The scenes where Dodd and his family push Quell to the edge are alarming in the extremes of the techniques used to break him. Yet Anderson’s style is distant and cool throughout; he records the sessions in much the same way that believers in The Cause record every event in their lives - methodically and with little passion. It was critic David Edelstein who pointed out a Kubrick connection in Anderson’s work; and like Kubrick, the movie is far too dense to take in one sitting. You want to see it again as soon as possible, not simply for the pleasures of narrative, atmosphere and inspired craft; but because the film is an enigma you want to better understand.
In these days when another compelling cult figure from the period - Ayn Rand - is finding voice in the national political discourse, what makes Anderson’s fictive work so compelling is its attempt to better understand the seductive lure of ideologues. The director touched upon the nature of the personality cult in "Magnolia," in which Tom Cruise played a tough-love, self-help guru. It was Cruise’s best performance (he was nominated for an Oscar); interestingly Anderson screened his latest film for Scientology’s most famous member, who was said to have asked for changes. Anderson didn’t make them.
Still while stories like that draw parallels to Hubbard and Dodd, the film is less about a particular cult than it is about than it is an impressionistic journey in the life of a psychotic drifter.
Anderson draws upon the look and feel of films from the period (even filming in 65mm, which was used for many blockbusters in the early 1960s). The result is rich, saturated color (the expert cinematography is by Mihai Malaimare Jr.); the period detail (by designers Jack Fisk and David Crank) has a lived-in authenticity; and an eerily effective musical score (the original music is Jonny Greenwood) beautifully amplifies the film’s curious, creepy moods with atonal music in a style of the mid-20th century.

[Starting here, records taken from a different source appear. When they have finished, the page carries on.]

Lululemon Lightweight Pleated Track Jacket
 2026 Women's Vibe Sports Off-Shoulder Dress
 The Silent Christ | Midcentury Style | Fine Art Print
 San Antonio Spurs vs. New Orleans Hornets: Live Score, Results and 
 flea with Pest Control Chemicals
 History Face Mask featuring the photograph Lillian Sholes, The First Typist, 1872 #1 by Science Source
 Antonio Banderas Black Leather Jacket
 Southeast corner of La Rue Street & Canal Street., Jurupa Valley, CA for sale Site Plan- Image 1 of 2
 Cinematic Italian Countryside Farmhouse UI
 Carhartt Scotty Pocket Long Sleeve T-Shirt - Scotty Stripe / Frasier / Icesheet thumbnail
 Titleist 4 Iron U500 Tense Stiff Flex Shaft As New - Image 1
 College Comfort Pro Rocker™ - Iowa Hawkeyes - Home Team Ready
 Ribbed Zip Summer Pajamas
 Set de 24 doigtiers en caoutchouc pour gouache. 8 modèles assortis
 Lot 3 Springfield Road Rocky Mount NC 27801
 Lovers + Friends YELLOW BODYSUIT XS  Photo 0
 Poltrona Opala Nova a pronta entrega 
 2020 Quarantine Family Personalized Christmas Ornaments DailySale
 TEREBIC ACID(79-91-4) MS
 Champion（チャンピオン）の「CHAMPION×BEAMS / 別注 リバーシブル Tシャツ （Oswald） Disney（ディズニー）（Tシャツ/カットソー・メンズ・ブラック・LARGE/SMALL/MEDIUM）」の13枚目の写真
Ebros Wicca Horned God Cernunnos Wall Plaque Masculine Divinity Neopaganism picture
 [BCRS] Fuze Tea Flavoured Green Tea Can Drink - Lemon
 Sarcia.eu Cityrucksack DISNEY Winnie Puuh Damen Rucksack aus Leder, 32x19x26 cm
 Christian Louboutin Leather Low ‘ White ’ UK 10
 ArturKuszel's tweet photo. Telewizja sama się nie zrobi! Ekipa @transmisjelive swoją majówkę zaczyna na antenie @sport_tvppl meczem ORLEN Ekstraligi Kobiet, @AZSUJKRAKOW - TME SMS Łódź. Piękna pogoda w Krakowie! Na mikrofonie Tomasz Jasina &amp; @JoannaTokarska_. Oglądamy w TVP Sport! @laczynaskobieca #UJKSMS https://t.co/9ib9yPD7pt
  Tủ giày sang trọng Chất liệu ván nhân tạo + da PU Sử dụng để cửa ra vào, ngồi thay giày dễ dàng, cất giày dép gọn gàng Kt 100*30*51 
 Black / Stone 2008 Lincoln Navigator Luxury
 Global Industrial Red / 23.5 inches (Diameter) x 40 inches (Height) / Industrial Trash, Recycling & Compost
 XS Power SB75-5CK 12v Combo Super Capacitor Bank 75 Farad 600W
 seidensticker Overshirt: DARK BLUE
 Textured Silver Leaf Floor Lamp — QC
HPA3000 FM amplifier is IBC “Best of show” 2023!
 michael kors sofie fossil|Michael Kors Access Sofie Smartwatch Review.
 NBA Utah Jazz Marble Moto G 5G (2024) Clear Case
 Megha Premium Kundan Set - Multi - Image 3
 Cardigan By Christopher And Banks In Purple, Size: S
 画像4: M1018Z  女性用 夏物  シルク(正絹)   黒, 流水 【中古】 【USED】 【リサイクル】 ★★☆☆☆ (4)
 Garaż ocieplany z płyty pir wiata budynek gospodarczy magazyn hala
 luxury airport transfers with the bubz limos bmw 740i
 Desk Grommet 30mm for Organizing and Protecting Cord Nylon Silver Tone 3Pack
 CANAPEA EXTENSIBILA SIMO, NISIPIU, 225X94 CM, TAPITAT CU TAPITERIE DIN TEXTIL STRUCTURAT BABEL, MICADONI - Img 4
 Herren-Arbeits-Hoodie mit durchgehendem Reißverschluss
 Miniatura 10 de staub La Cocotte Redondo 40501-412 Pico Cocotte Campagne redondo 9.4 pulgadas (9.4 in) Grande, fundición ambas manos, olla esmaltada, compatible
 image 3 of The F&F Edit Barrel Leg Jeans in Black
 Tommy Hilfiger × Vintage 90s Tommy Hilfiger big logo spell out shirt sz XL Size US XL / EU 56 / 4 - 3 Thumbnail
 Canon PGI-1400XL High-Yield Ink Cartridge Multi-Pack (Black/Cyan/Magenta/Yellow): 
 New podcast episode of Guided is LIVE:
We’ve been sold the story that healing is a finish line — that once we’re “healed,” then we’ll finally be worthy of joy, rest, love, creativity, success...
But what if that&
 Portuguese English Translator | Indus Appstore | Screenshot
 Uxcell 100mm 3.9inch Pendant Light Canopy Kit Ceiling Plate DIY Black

Much of the film’s power comes with the fearlessness of the performances: Philip Seymour Hoffman embodies the contradictions, the charisma, the enormity of a person around whom a cult is built. Joaquin Phoenix is both volatile and oddly sympathetic as the out-of-control Freddie Quell; and Amy Adams plays the brains behind the mind-control with icy cold discipline. Like much of the film, her character exemplifies the duplicitous nature of Anderson’s vision: when she’s first shown, she’s exemplifies the virtues of motherhood and family; but as the film continues, she morphs into a calculating polemic - the source of The Cause’s ideology. Laura Dern shines in a brief role as a Dodd acolyte (said to be based on a Philadelphia socialite that helped L. Ron Hubbard in his early days). And isn’t that Patti McCormack as the wealthy New Yorker that hosts an elegant dinner party for The Cause? Those with long memories will remember the actress as Rhoda, the demon child in "The Bad Seed," one of the 1950’s most compelling melodramas.
There are many questions raised by "The Master," that might be answered by repeated viewings. But even if they’re not, the beauty of Anderson’s considerable achievement is the indelible first impression the film makes on the viewer. It is a great work of cinematic fiction - like a Joyce Carol Oates story imagined on film - that stays with you.